We don’t know precisely what he’ll say, because the White House won’t tell us. But Trump will lie to us, that much can be presumed. It’s a sucker’s bet that his address will be, as Democratic leaders Nancy Pelosi and Chuck Schumer said in a joint statement, “full of malice and misinformation.” (They plan to deliver a joint rebuttal speech after Trump is finished.) Throughout the decades of his public life, Trump has had an adversarial relationship with facts that are inconvenient to his interests. Trump’s entire case for the wall, to the extent that he has bothered to even make an argument, is based on deliberate misinformation. And his lies about immigration are only increasing in frequency as his presidency progresses.
The decision to air his address live represents a failure of creativity on the part of news executives.

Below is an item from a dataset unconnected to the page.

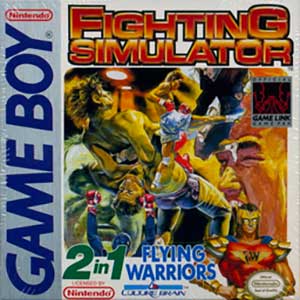 Hiryuu no Ken Gaiden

What should have been done, they might ask? Former Obama senior adviser Dan Pfeiffer, now of Crooked Media, tells Rolling Stone that networks should air it on tape delay with fact-checking on the screen. Karine Jean-Pierre, MoveOn’s chief public affairs officer, agrees. “The only responsible decision would be to show video of the address after it has happened, not live, with proper fact checks and context,” she says. “Or to reject the request outright, which is what all the networks did when President Obama requested primetime airtime to discuss immigration in 2014.”
The shutdown makes this a far more urgent moment than that Obama speech, yet Trump has all but ignored the 800,000 workers affected by his $5.6 billion border-wall ransom demand. They might miss their first paycheck this week, but labeling a federal workforce “Democrats” allowed him to erase them — all but those unnamed ones he claims support his obstinance. Now, by allowing him to commandeer their networks for what amounts to a negotiating tactic, ABC, CBS and NBC will allow Trump tonight to give his racial paranoia the weight of a mass casualty event.
Trump’s alarmism becomes even more stark as one recognizes that undocumented immigration is not the crisis he says that it is. NBC News, which will air the speech live, reported on Monday that in fiscal year 2018, U.S. Customs and Border Protection stopped only six immigrants at the southern border whose names were on a federal list of known or suspected terrorists. White House Press Secretary Sarah Huckabee Sanders lied last Friday when she said that CBP had stopped nearly 4,000 such people. Overall border patrol apprehensions have fallen from about 1.6 million in 2000 to just more than 303,000 in 2017. Yet the Trump administration continues to dramatically inflate statistics to make Mexican and Central American immigrants look like the rapists and criminals that the president pretends. The Department of Justice, too, admitted that these numbers were made up, but refused to correct them. Perhaps that’s because we keep putting them on television and presenting them as credible people because they have certain titles.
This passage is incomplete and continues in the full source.